--- TASK INPUT Enclosed Below ---
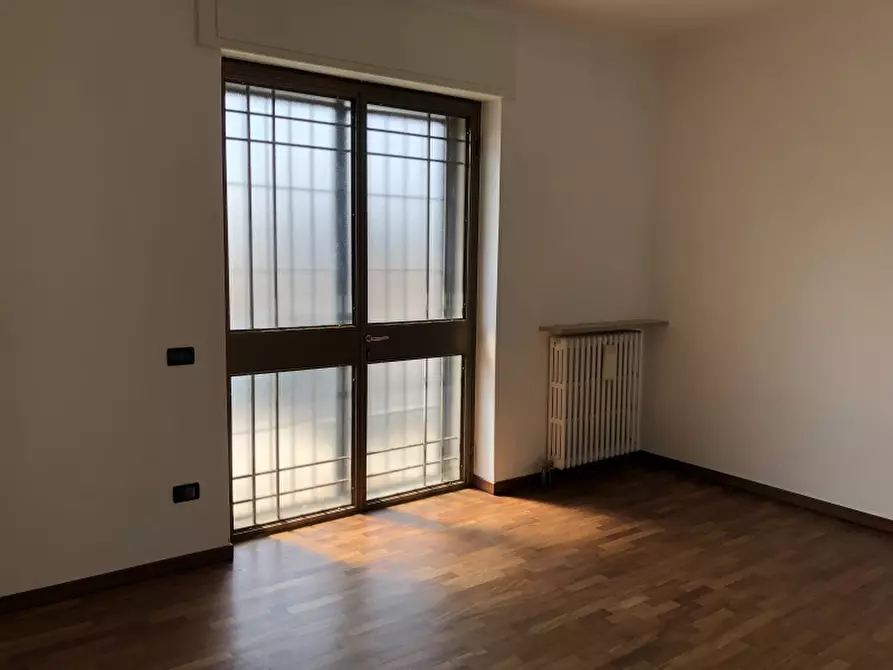 Immagine 4 di Ufficio in affitto  in Via Ciro Ferrari a Verona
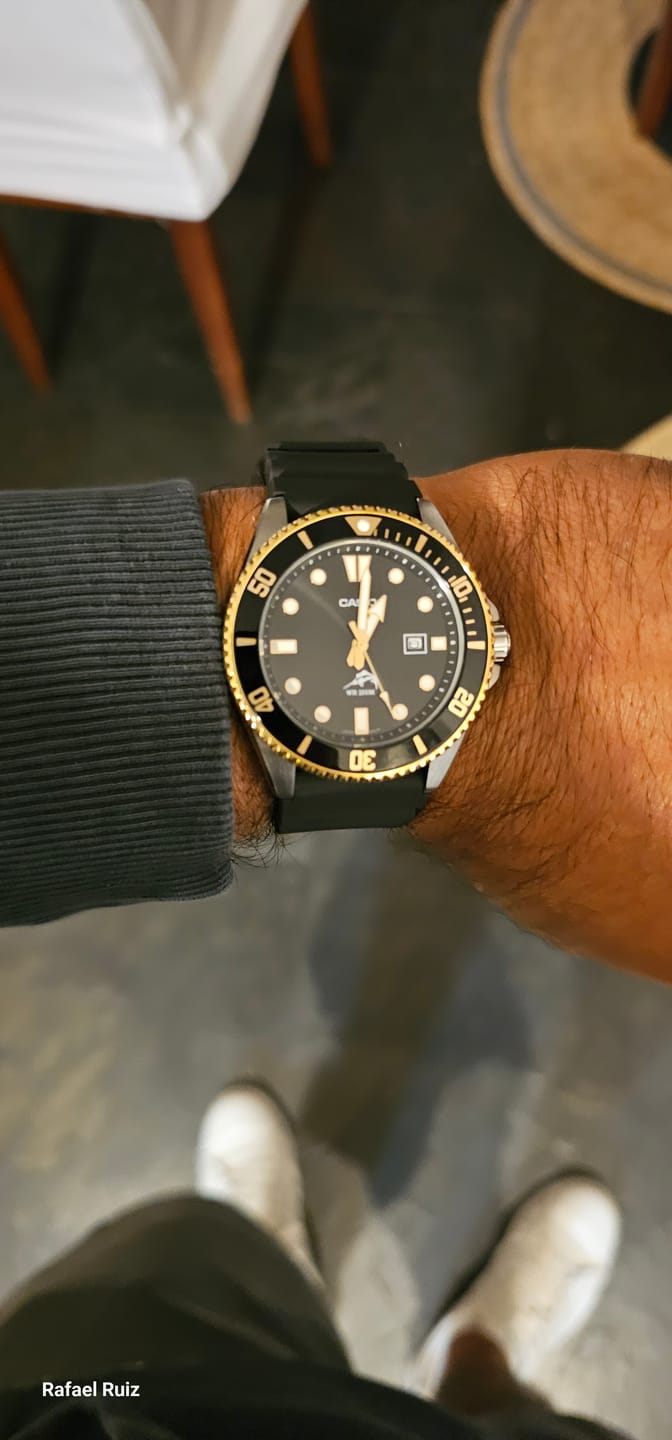 Customer photo review of Reloj Casio Submariner Marlin Duro MDV106G-1AVCF Negro Dorado Buceo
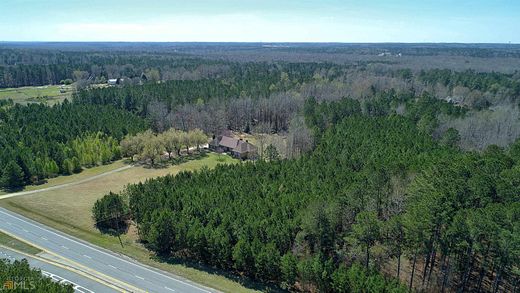 13.4 Acres of Improved Mixed-Use Land for Sale in Senoia, Georgia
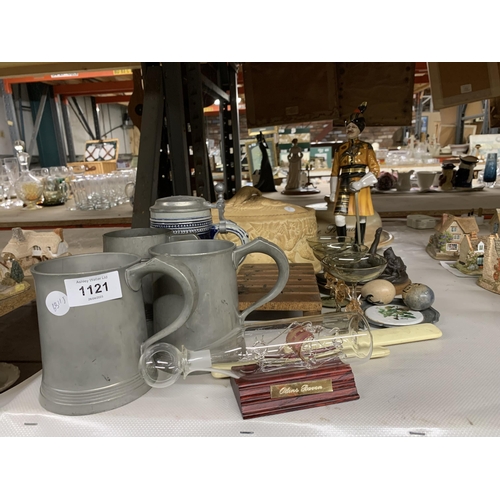 1121 - A MIXED LOT TO INCLUDE PEWTER TANKARDS, A STONEWARE CASSEROLE DISH WITH A BIRD ON THE LID, CERAMIC F... 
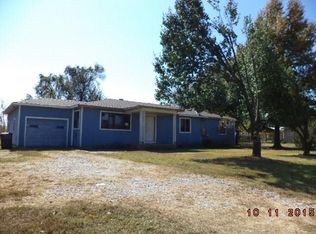 1107 Main St SW, Gravette, AR 72736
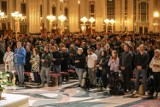 Ponad 3 tys. osób modliło się za swoje małżeństwa przez 24 godziny. Odbył się Ogólnopolski Kongres Modlitewny Małżeństw w Licheniu 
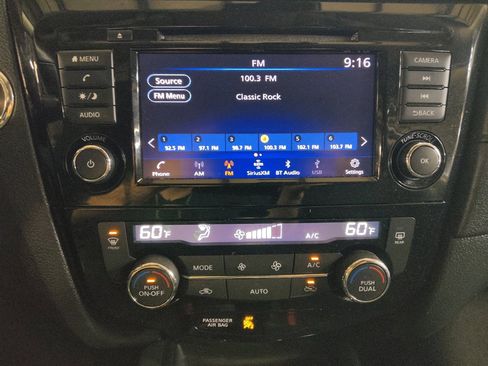 Used 2020 Nissan Rogue SV FWD image 25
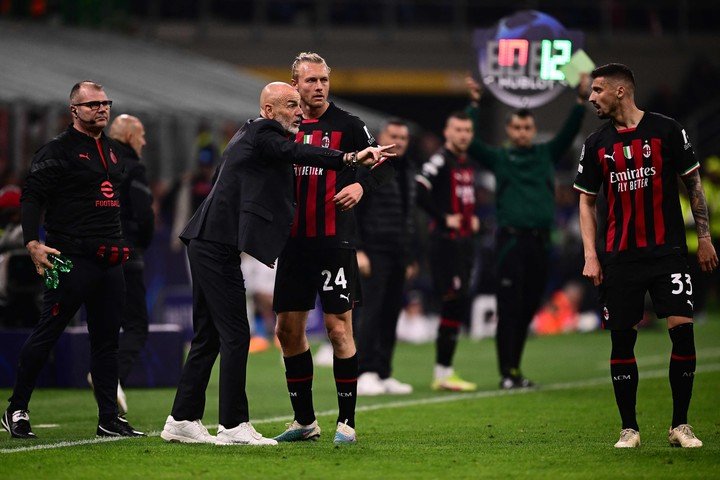 Stefano Pioli, cerca de dejar el Milan. (AFP)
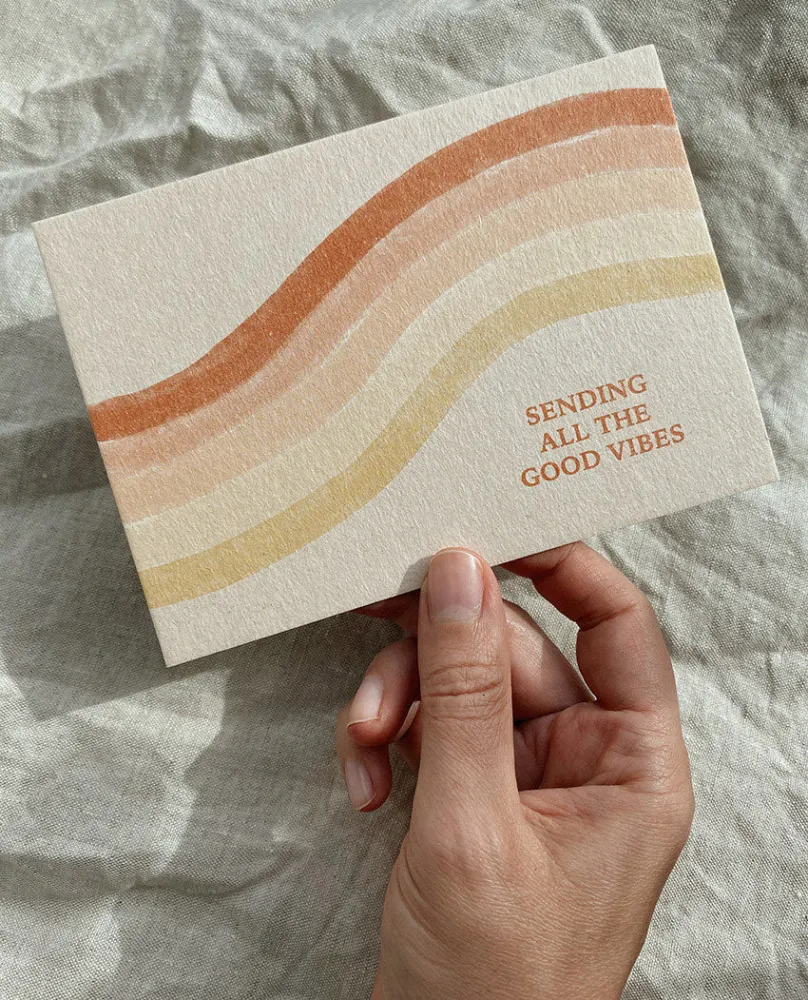 SENDING ALL GOOD VIBES - POSTKARTE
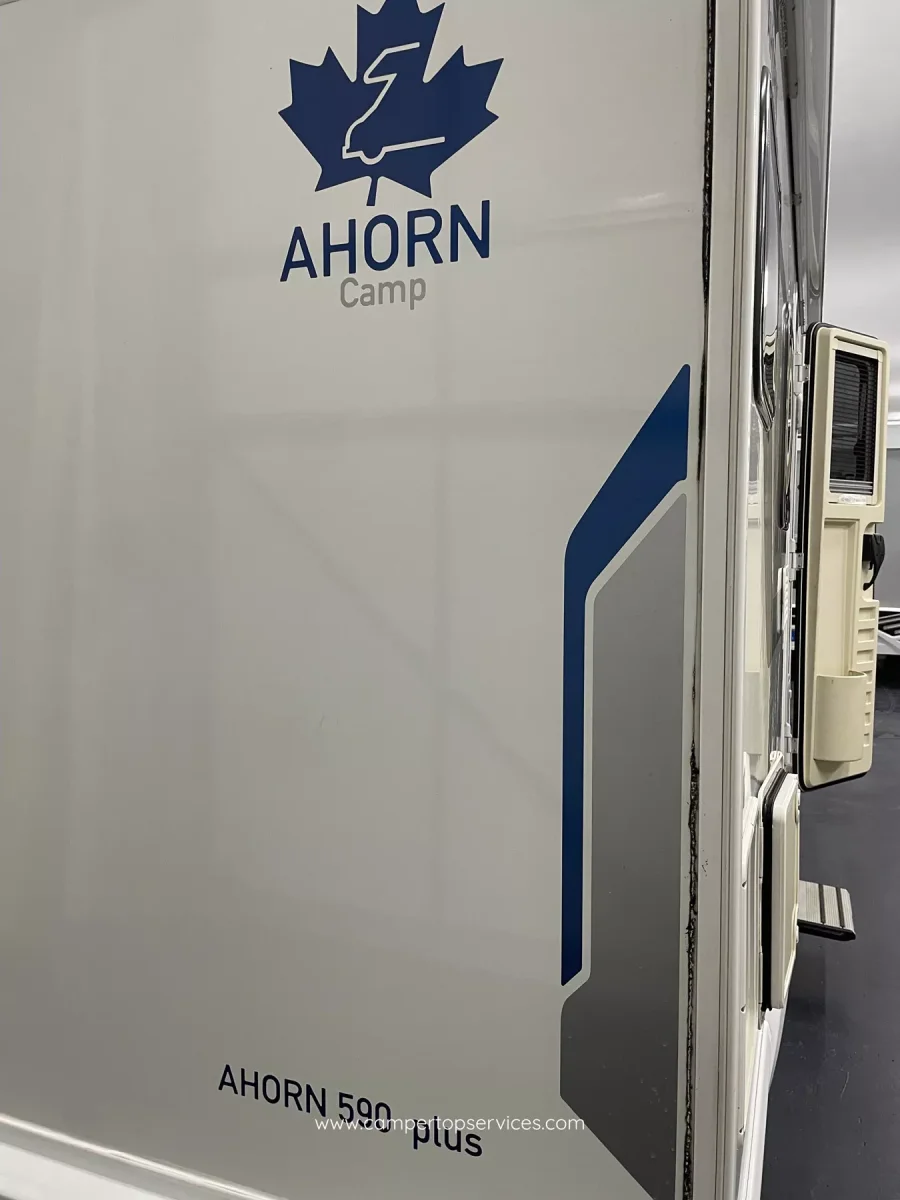 Autocaravana de segunda mano Ahorn Camp T 590 Plus - Imagen 7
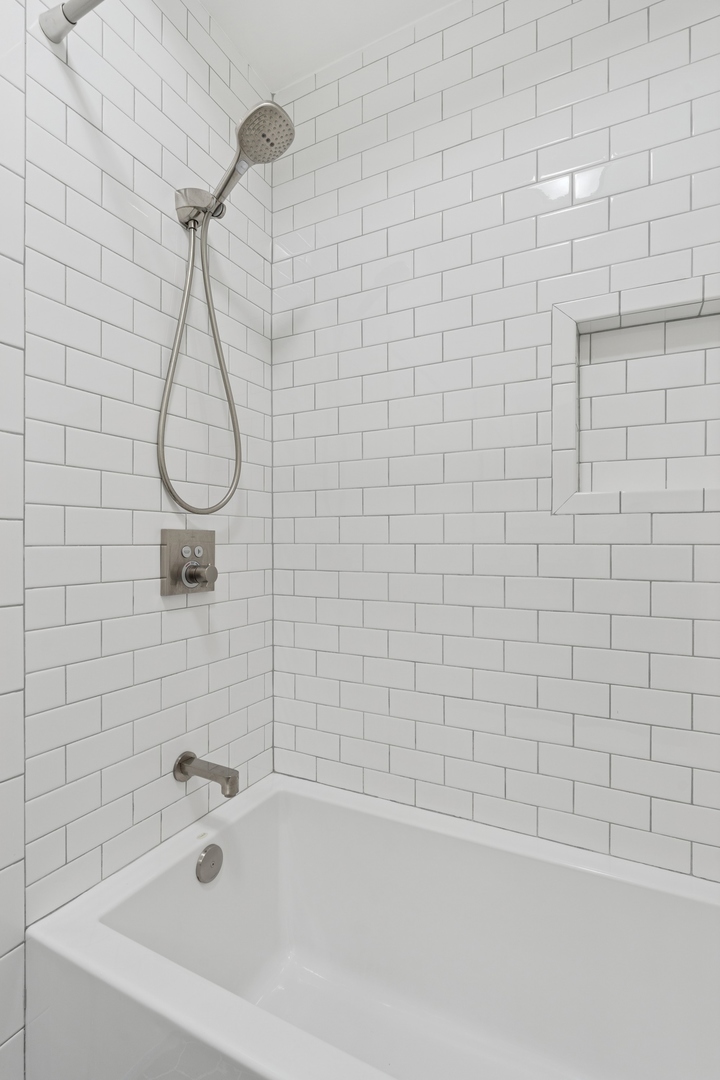 1632 W ERIE Street Unit: 3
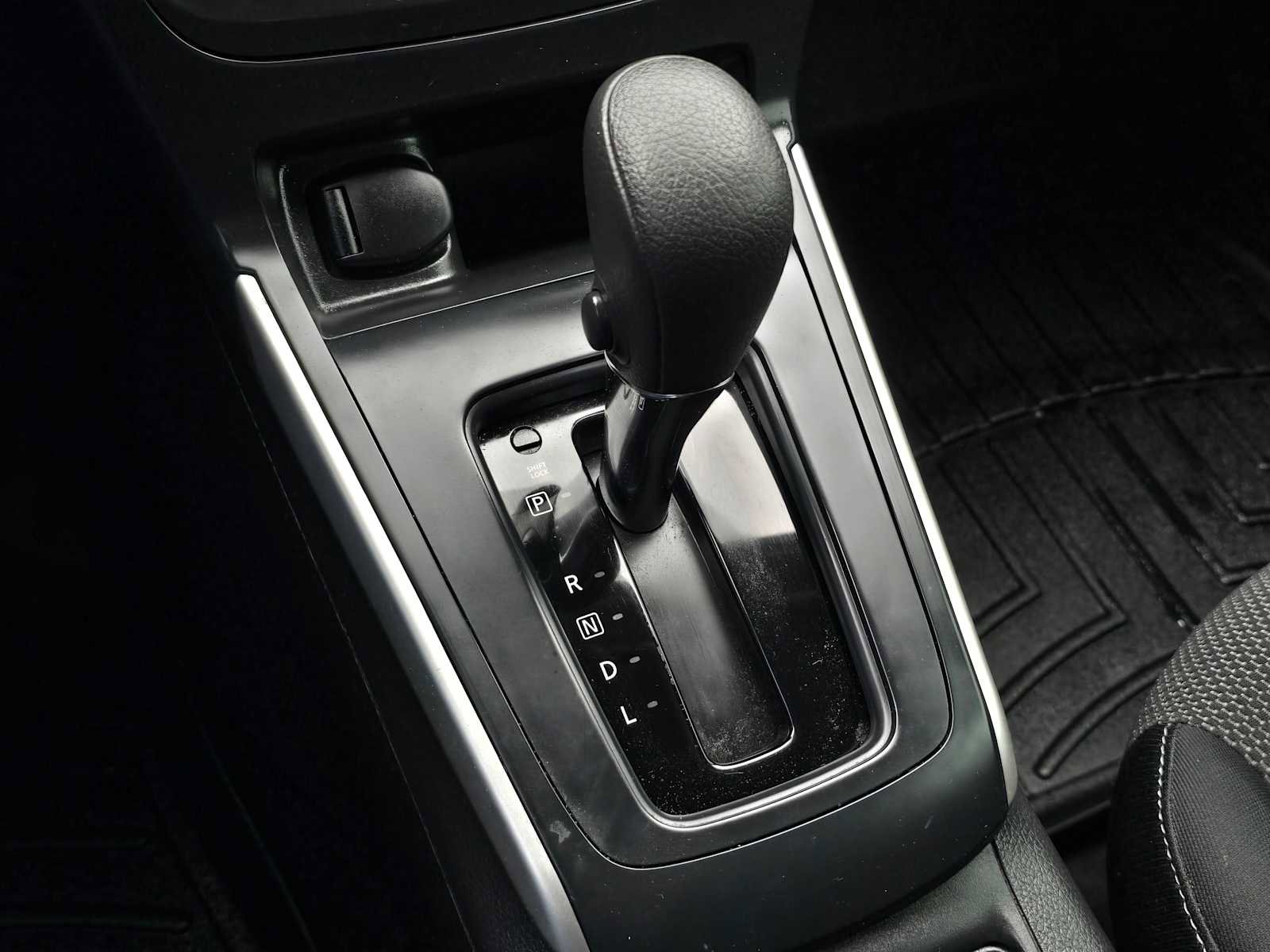 Used 2018 Nissan Sentra S image 26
--- End of Enclosed TASK INPUT ---
» **WHAT YOU HAVE TO DO**:
Make an exact copy of the listing. Leave its pictures out.

» **FINISHED TASK**:
 Immagine 4 di Ufficio in affitto  in Via Ciro Ferrari a Verona
 Customer photo review of Reloj Casio Submariner Marlin Duro MDV106G-1AVCF Negro Dorado Buceo
 13.4 Acres of Improved Mixed-Use Land for Sale in Senoia, Georgia
 1121 - A MIXED LOT TO INCLUDE PEWTER TANKARDS, A STONEWARE CASSEROLE DISH WITH A BIRD ON THE LID, CERAMIC F... 
 1107 Main St SW, Gravette, AR 72736
 Ponad 3 tys. osób modliło się za swoje małżeństwa przez 24 godziny. Odbył się Ogólnopolski Kongres Modlitewny Małżeństw w Licheniu 
 Used 2020 Nissan Rogue SV FWD image 25
 Stefano Pioli, cerca de dejar el Milan. (AFP)
 SENDING ALL GOOD VIBES - POSTKARTE
 Autocaravana de segunda mano Ahorn Camp T 590 Plus - Imagen 7
 1632 W ERIE Street Unit: 3
 Used 2018 Nissan Sentra S image 26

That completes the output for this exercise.